If you want me, I’ll be in the kitchen mixing up sauce tartare.
*edit: Looks like the name badges already are velcro backed… so what’s the bloody excuse for this nonsense, other than a deliberate and premeditated attempt to be unidentifiable?
King George’s flying monkeys protected from violent sauce assault
Saturday September 08th 2007, 8:32 am
Democracy protected from “a level of violence not previously experienced in Sydney…” inflicted by… a guy… in… a… skirt.
Sun will rise tomorrow!
Saved by $140million worth of security!
First APEC arrest’s a real sauce
September 7, 2007 – 1:32PM
Police have made their first protester arrest in Sydney’s Hyde Park this afternoon after a man squirted tomato sauce on a pro-US banner.

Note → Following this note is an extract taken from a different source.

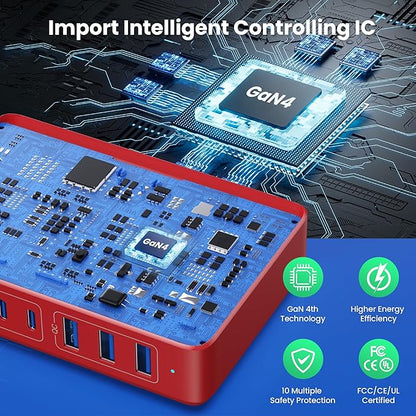 USB C Charger 300W USB C Charger Block, 8-Ports GaN IV Fast Charging Station Hub - Image 4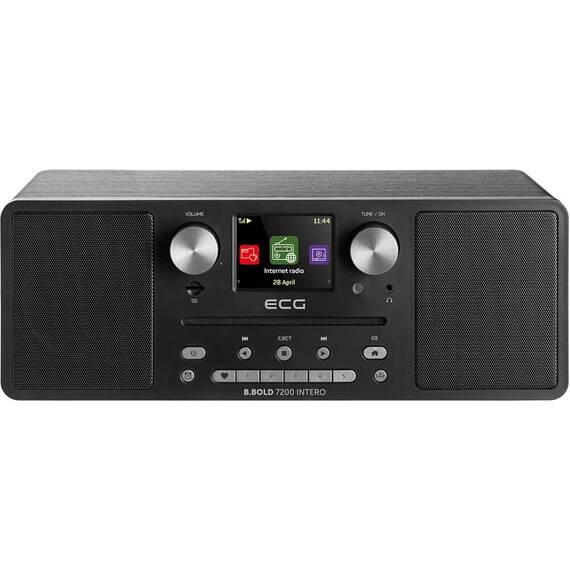 Internet radio ECG B.BOLD 7200 Intero Black, FM + DAB, stereo 2 × 10 W, CD audio si MP3, Bluetooth, USB, carcasa lemn, negru - 2- Roveli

The brand of the tomato sauce used in the attack is not known, or whether it was the product of a multi-national company.

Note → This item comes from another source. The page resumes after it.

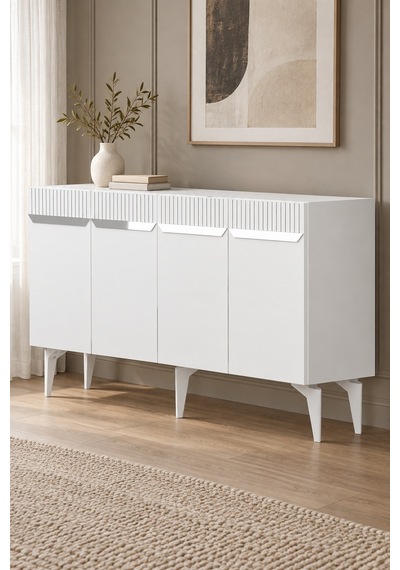 Ka1544bs Duma Konsol Beyaz-silver 150cm Beyaz - Sılver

Let’s hope it was dolphin safe, non-GM, low-food-miles, 100% organic sauce… lest the increasingly corporate SMH actually have some valid complaint of hypocrisy against the protesters… or perhaps writer Tadros is merely content to idly stereotype dissenters.
In other news, protesters also brought buns (and a few ugly rolls) to go with that sauce.
Think of all the money we’d have saved on APEC fences
Friday September 07th 2007, 5:08 pm
Reduce, reuse, recycle…
And keep GW Bush away from polite society at the same time!
Larrikinism: Australian value #1
Friday September 07th 2007, 3:16 pm
APEC security and a cage tough enough to keep King George away from civilised folks: $138 million
Fake IDs and a few hire cars: Few hundred bucks
Fake diplomatic motorcade not being discovered- by two police checkpoints- until Chas Licciardello dressed as OBL hops out of a car 10M from King George’s hotel: Totally priceless.
Most Chaser stuff of late has been lame- but they really banged it this time. Well done.
People’s Democratic Republic of Australia
Thursday September 06th 2007, 10:10 pm
I don’t need to say a word. Just read the story.
This is one town that needs a full Brazilian. Quick. King George visiting is one thing, but suffering His Majesty without a Bill of Rights is much worse.
Johnny must be trying to impress President Who.